An eye for an eye

Meet Ameneh Bahrami.

Four years ago, a spurned suitor poured a bucket of sulfuric acid over her head, leaving her blind and disfigured.

Ms. Bahrami asked that her attacker be given a punishment fitting the crime. How did the court decide?

Late last month, an Iranian court ordered that five drops of the same chemical be placed in each of her attacker’s eyes, acceding to Bahrami’s demand that he be punished according to a principle in Islamic jurisprudence that allows a victim to seek retribution for a crime. The sentence has not yet been carried out.

The implementation of corporal punishments allowed under Islamic law, including lashing, amputation and stoning, has often provoked controversy in Iran, where many people have decried such sentences as barbaric.

Courts usually order families of the accused to pay “blood money” for the crimes. But Bahrami insisted on the punishment. She had several meetings with the head of Iran’s judiciary, Ayatollah Mahmoud Hashemi Shahroudi, who tends to favor less strict interpretations of Islamic law.

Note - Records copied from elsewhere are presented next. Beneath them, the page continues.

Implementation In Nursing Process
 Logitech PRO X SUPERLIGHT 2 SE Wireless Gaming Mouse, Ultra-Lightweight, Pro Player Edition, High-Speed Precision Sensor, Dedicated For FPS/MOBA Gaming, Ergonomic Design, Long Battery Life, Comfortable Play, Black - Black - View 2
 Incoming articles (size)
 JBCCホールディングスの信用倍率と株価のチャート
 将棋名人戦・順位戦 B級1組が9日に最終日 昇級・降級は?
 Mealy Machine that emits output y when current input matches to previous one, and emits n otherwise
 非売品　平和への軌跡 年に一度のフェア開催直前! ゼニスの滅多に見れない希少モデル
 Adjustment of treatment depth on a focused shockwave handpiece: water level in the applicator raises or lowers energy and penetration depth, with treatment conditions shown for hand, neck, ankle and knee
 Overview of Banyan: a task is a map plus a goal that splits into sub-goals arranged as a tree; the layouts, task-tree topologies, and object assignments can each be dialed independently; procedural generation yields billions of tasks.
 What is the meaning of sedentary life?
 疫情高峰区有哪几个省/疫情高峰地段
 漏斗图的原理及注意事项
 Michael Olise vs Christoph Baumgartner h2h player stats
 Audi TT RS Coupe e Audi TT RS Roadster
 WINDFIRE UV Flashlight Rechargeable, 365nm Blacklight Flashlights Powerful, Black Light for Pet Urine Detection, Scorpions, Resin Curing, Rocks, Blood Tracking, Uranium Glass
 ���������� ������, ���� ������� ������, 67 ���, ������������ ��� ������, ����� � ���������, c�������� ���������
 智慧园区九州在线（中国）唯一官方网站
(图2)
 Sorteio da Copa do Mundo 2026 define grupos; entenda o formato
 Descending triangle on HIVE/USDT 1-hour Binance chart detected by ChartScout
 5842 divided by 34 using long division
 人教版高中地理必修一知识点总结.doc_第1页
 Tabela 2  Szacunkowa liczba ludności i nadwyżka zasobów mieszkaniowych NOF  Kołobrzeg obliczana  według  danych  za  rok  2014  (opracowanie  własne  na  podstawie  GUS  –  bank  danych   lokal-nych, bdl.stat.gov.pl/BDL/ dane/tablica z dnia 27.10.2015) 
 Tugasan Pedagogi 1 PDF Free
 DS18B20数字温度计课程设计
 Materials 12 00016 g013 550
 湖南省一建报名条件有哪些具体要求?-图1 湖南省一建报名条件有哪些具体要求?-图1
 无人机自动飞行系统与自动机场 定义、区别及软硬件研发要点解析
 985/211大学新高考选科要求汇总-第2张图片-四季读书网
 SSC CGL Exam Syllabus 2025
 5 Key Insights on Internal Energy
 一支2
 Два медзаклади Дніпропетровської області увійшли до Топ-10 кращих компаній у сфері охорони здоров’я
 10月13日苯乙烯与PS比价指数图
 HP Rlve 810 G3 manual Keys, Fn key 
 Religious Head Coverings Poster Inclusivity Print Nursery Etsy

“Shahroudi really pressed me to demand blood money instead of retribution. He explained that such a sentence would cause lots of bad publicity for Iran. But I refused,” she said.

One of my favorite bloggers, Ann Althouse writes

Surely, Shahroudi must know that Iran gets bad publicity for these “blood money” punishments — which look more like our tort remedies. It’s a crime. Put that man in prison for a long, long time if you want our respect.

Was the ruling in Iran barbaric or just?